Sans doute est-on plus
attaché au roman qui nous fait découvrir un écrivain. J’ai découvert Echenoz
par Lac, lors de sa parution en 1989,
et la récente lecture d’Envoyée spéciale
m’a renvoyée à ce lac du Val de Marne. Les deux romans semblent bâtis sur les
mêmes fondations : le détournement du roman d’espionnage.

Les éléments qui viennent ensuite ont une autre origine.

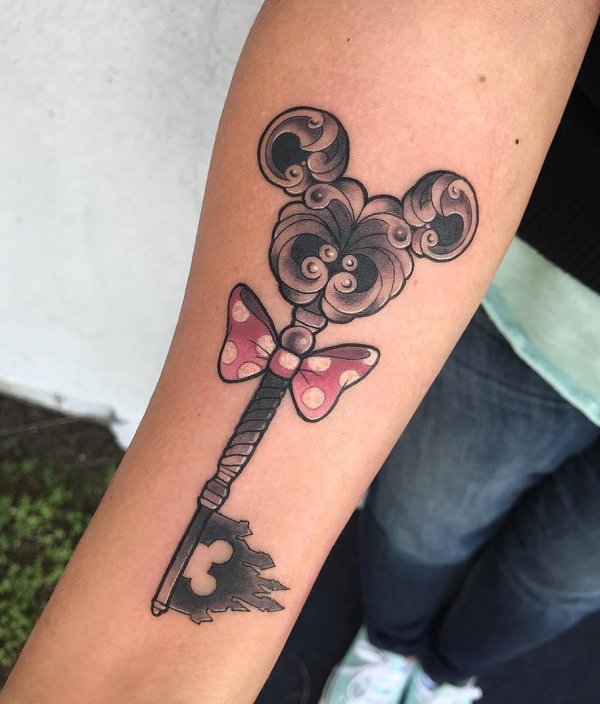 Magic Disney Wand With A Bow Tattoo For Arm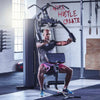 Man exercising on a gym machine with motivational wall text in the background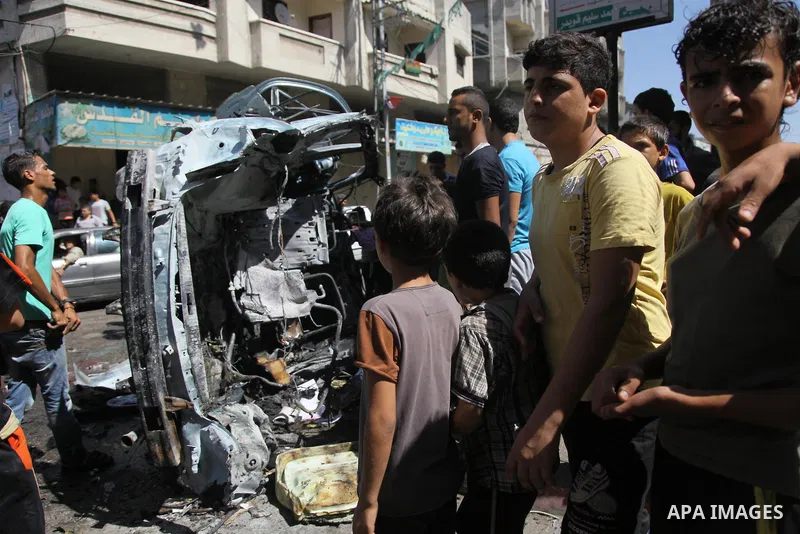 Palestinians surround a wreckage of a car which witnesses said was hit by an Israeli air strike, in Gaza City August 25, 2014. Israeli air strikes killed at least five Palestinians in the Gaza Strip and militants kept up...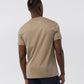 Rear view of a man wearing a beige, 100% Pima cotton MENS CLASSIC CREW NECK TEE - B6U014CRPC from Psycho Bunny and blue jeans. The man has a stylish braided hairstyle.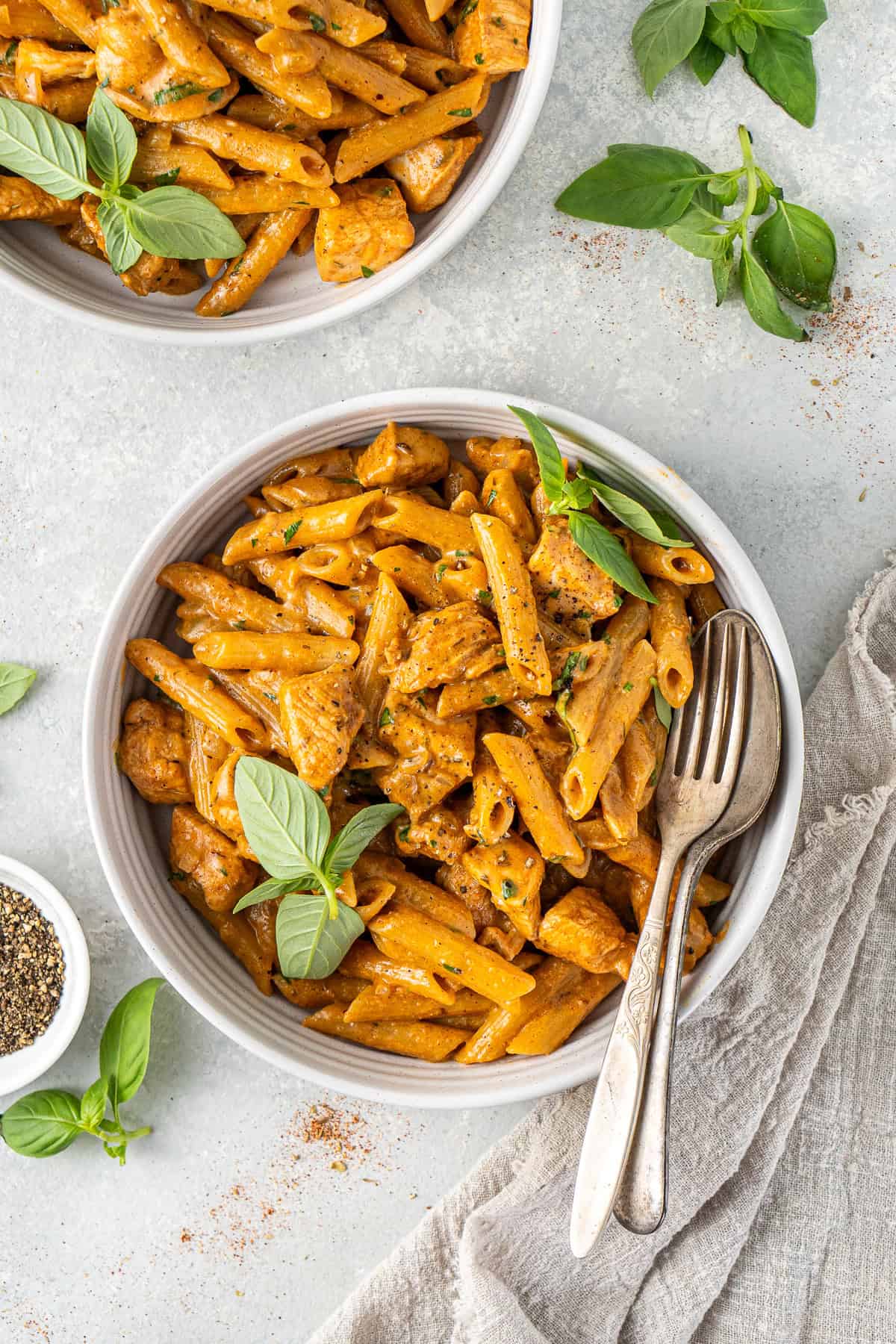 The creamy dairy free Cajun chicken pasta served into bowls with fresh basil and a spoon and fork.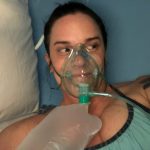 Deb Does Hyperbaric Oxygen Therapy At ATX Hyperbarics: Deb O'Keefe hooked up to an oxygen mask in a hyperbaric chamber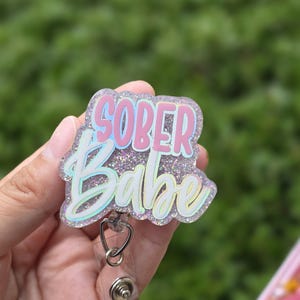 May include: A glittery badge reel featuring the text SOBER BABE in pink and light blue lettering. The badge reel has a clear, sparkly acrylic topper with a heart-shaped attachment connecting the reel to the decorative piece.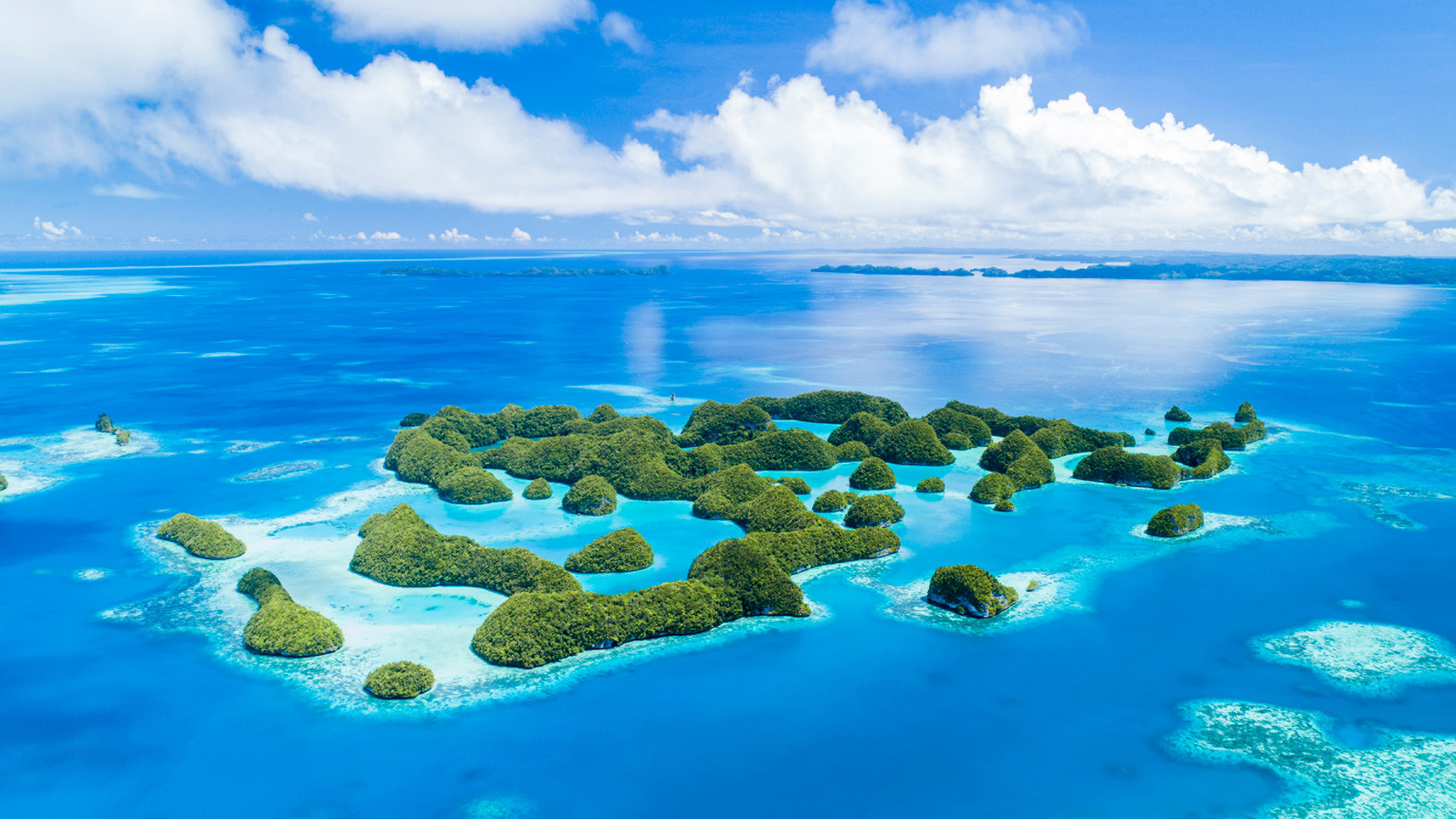 DISCOVER PALAU, ONE OF THE WORLD’S LAST REMAINING FRONTIERS, WITH FOUR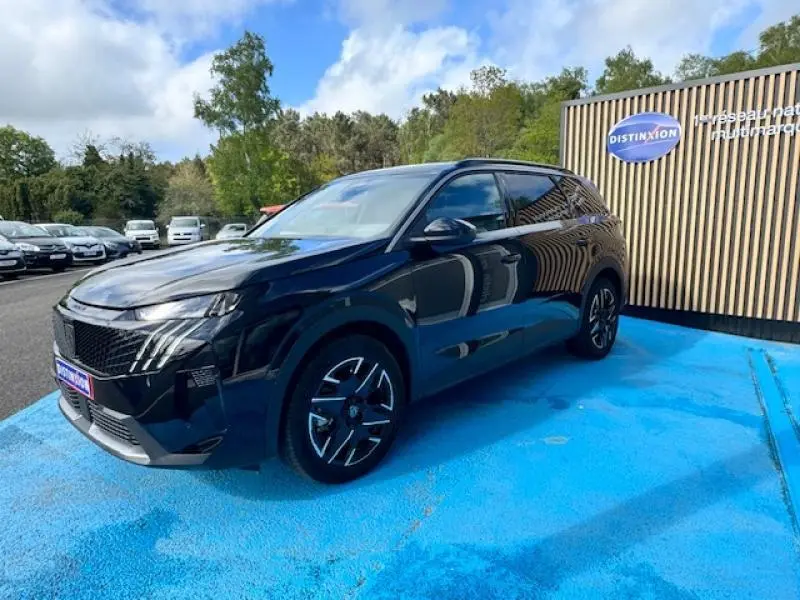 Peugeot 5008 Hybrid noir Perla Nera vue 3/4 avant droit, avec jantes alu et calandre distinctive noire.
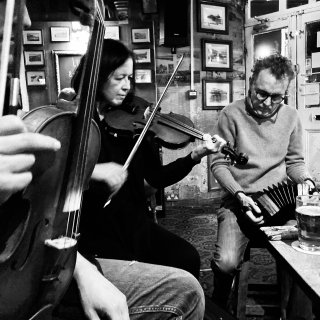 A woman playing fiddle and a man playing concertina in an ornate pub. In the foreground another man holds a fiddle.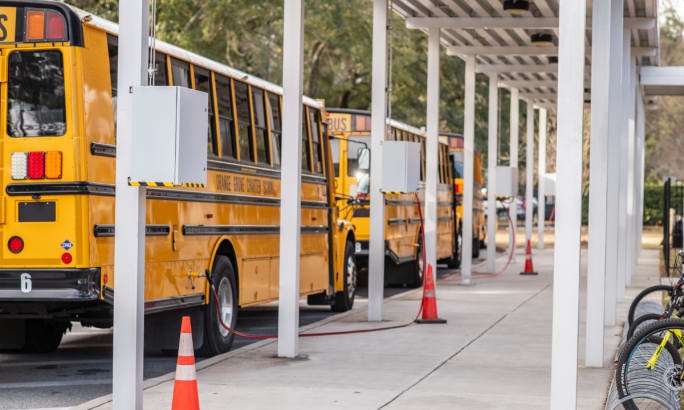Orange Grove Charter School buses fueling.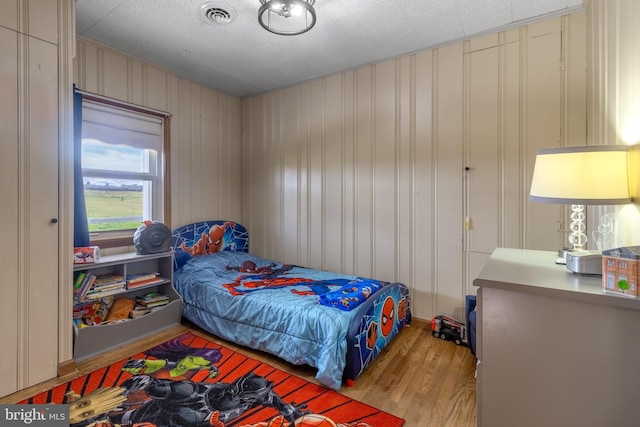 bedroom with light hardwood / wood-style floors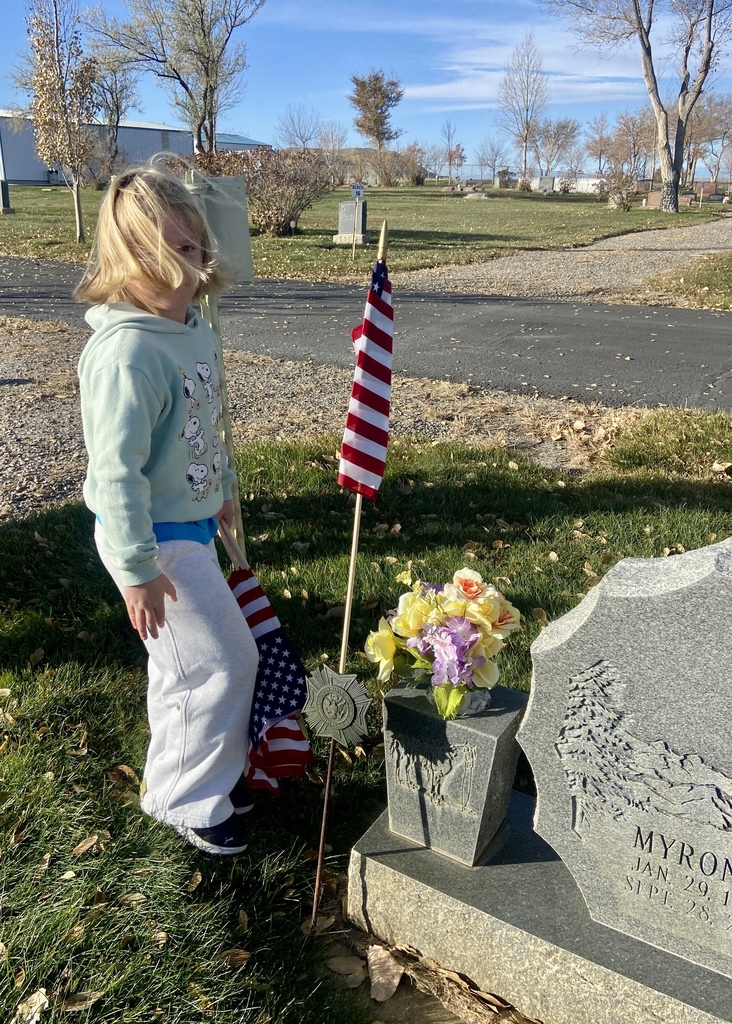 First Graders Honoring our local veterans at the Shoshoni Cemetery
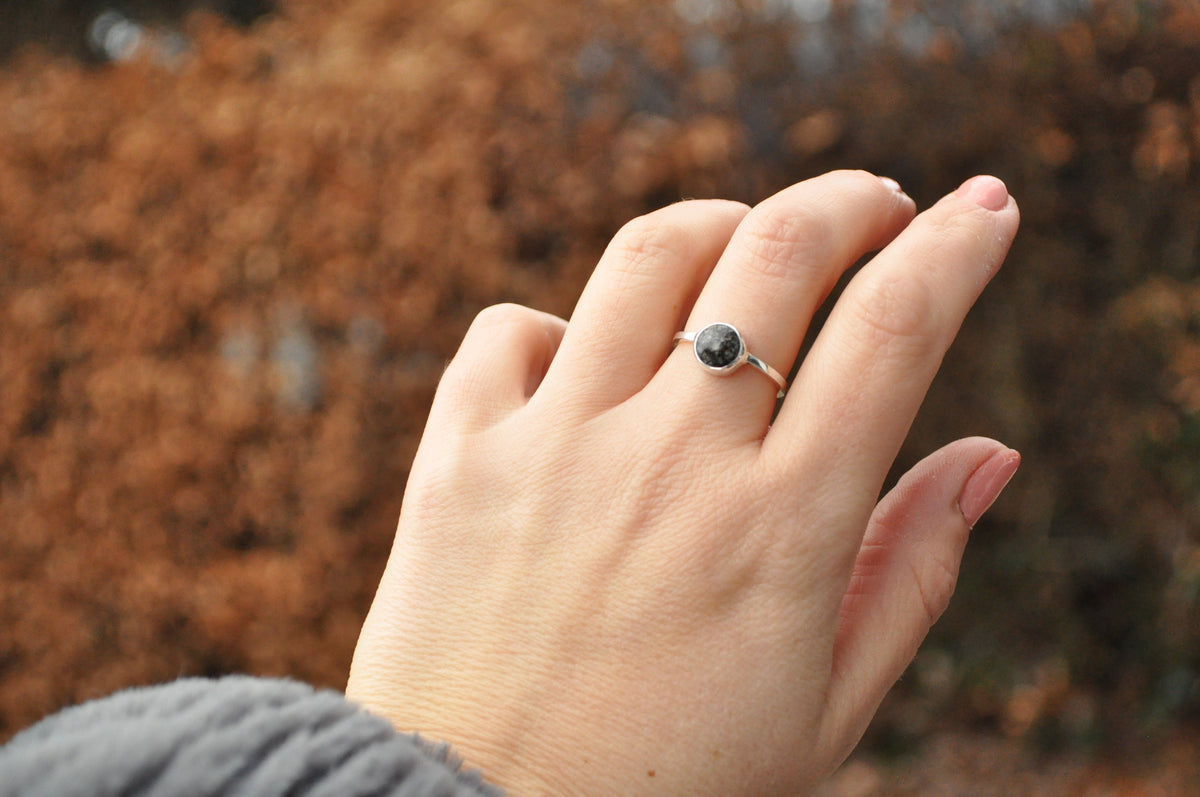 Hand wearing a bespoke sterling silver ashes ring with a dark round memorial inclusion, photographed outdoors in warm natural light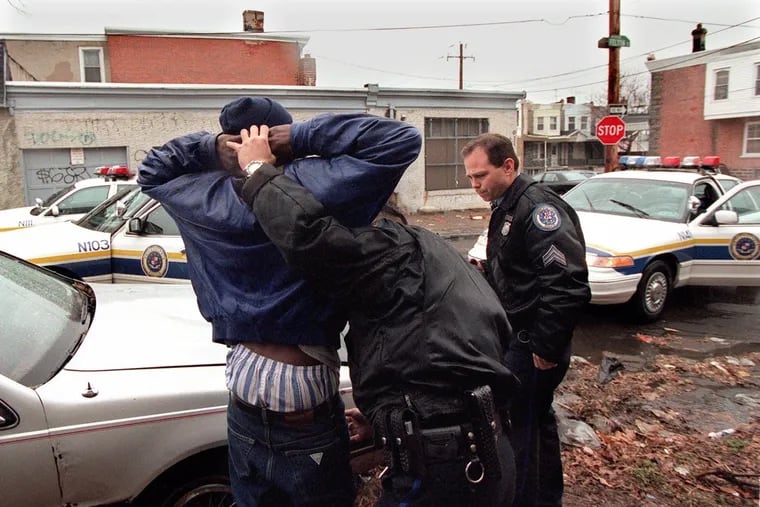 Philadelphia Police Narcotice Strike officers arrest a suspect in West Philadelphia after witnessing several drug sales on this corner. 1998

Dans Lac, un mari disparaît – dans Envoyée spéciale, c’est une femme. Ce mari nommé Oswald Clair laisse sur le carreau son épouse Suzy et leur fils de 6 ans, Jim. Franck Chopin rencontre Suzy. Chopin est entomologiste, et travaille de temps en temps pour les services secrets. Il élève et appareille des mouches (des vraies) qui servent de mouchards. Jean Echenoz s’amuse avec les mots et les images. Son roman, d’ailleurs, a parfois des airs de bande dessinée. Rien n’y est vraiment sérieux, mais tout y est méticuleusement pensé. L’espionnage et les mouches, c’est une vieille histoire dans le vocabulaire, et également dans la BD – que l’on se souvienne du personnage de Zérozérosix dans Astérix, qui empruntait ses traits à Sean Connery, et était constamment entouré de mouches. Dans Lac, on est moins dans un James Bond que dans un John Le Carré, mais un Le Carré que l’on aurait dépouillé des considérations politiques pour ne conserver que les leurres et les chassés-croisés, les retournements et les manipulations. Echenoz bâtit un roman d’espionnage, certes, mais n’en garde que l’armature pour se concentrer, justement, sur la structure. Lac est un squelette de roman d’espionnage.
L’important, c’est le
décor. Ni grande roue du Prater ici, ni brouillard sur Big Ben. Nous sommes
dans le Paris des années 80, et dans la grande banlieue (Val de Marne) où se
dresse un complexe hôtelier de luxe, qu’investissent un membre des services
secrets d’un pays de l’est, son chiffreur et ses deux gardes du corps. Cet
espion du bloc soviétique, Vital Veber, est celui que Chopin tente d’espionner
avec ses mouches. Le complexe hôtelier est sis au bord d’un lac, qui rappelle,
mutatis mutandis, celui de la Genève dans laquelle Oswald, l’époux envolé, se
rendait parfois pour son travail. Autour de l’image du lac – étendue d’eau
toujours calme, rassurante, près de l’hôtel, reflétant comme un miroir un monde
en trompe-l’œil qu’un aquarelliste obstiné, et complice, transpose sur du
papier grand format avec l’eau de son pinceau –, Jean Echenoz s’amuse à balader
son lecteur. Suzy, que l’on retrouve comme par hasard dans les parages, porte
des boucles d’oreille qui ressemblent à des éclats de miroir. Reflet dans le
reflet. Elle porte aussi des boutons de manchette ornés de petites boussoles,
comme pour mieux déboussoler le lecteur.
Les personnages appartenant
aux services secrets sont caricaturés en décalage comique : l’un d’entre
eux ne fume que des Gauloises jaunes, un autre donne rendez-vous à ses
informateurs au pavillon tripier de Rungis… Toutes les situations sont
surprenantes, jusqu’au bouquet final qui enferme tous les personnages dans une
seule pièce. Tel « retourné » (faux retourné ?) rejoint son
ouest d’origine, tandis que tel autre passe à l’est. Et la valse de
l’espionnage peut continuer.
Quelques années avant Michel Houellebecq, Jean
Echenoz, dans Lac, s’est attaché au
décor de nos vies urbaines :
La Karmann-Ghia traversait ensuite un réseau banlieusard étale, plus tout à fait des routes et pas vraiment des rues. La brique et le béton, la pierre meulière et le zinc y définissaient des ateliers obscurs, des boulangeries désertes, des pavillons désespérés. Jouxtant les entreprises de sanitaires, des lots de lavabos et des piles de baignoires occupaient d’anciens jardins ouvriers. Entre les centres-villes où s’agrègent les grandes surfaces et les services, Chopin ne repérait pas toujours bien les solutions de continuité des agglomérations.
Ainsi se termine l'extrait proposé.